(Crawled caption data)
☆ ☆ ☆ ☆ ☆

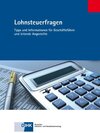 Buchcover Lohnsteuerfragen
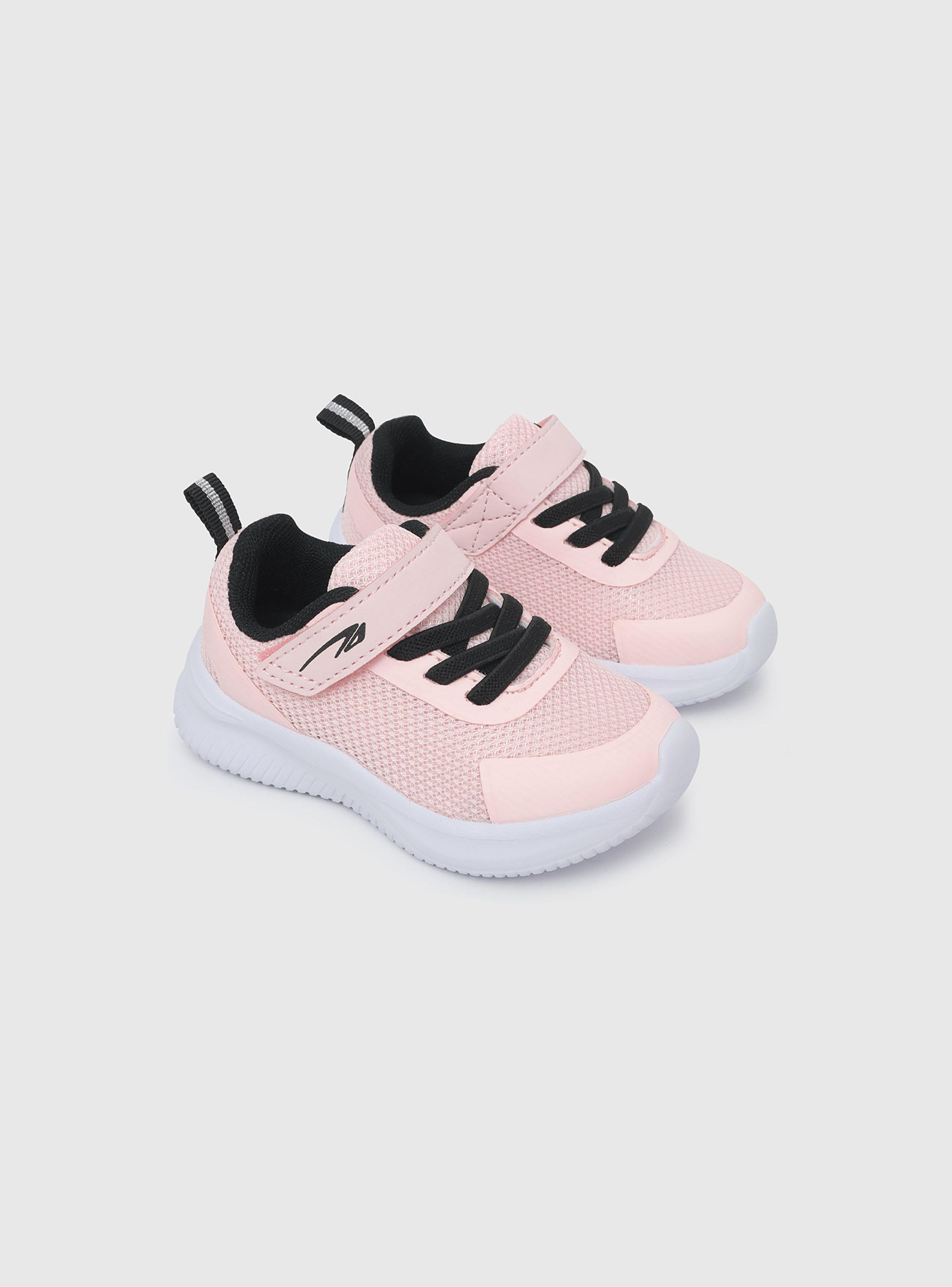 Zapatilla deportiva Niña Rosado 53525 COLLOKY-0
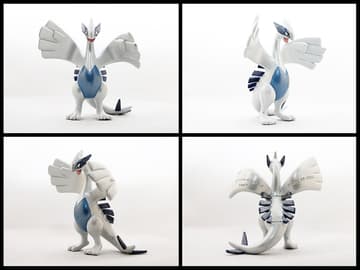 Lugia
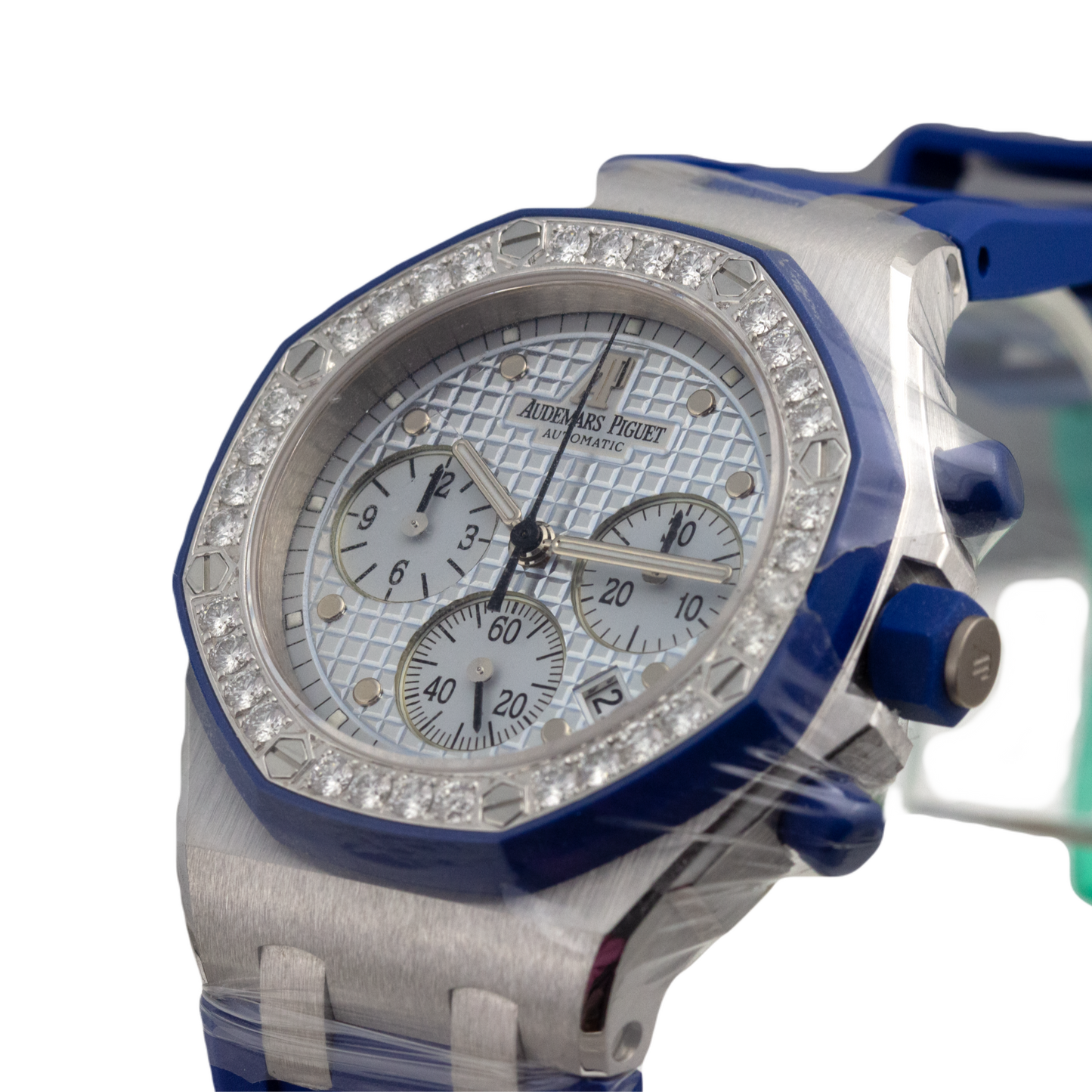 Audemars Piguet Royal Oak Offshore Lady 25986CK.ZZ.D020CA.02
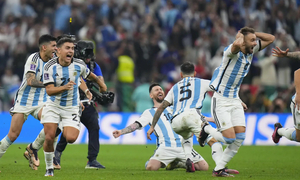 Lịch thi đấu World Cup 2026 hôm nay 22/6 và sáng 23/6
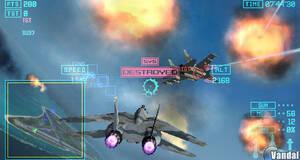 Ace Combat: Joint Assault - PSP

☆ ☆ ☆ ☆ ☆

- _Your instructions_
Word for word, copy the lines from the one with "Lịch thi đấu" through the end of the entries above, and do not include any picture.

- _Response area_
 Lịch thi đấu World Cup 2026 hôm nay 22/6 và sáng 23/6
 Ace Combat: Joint Assault - PSP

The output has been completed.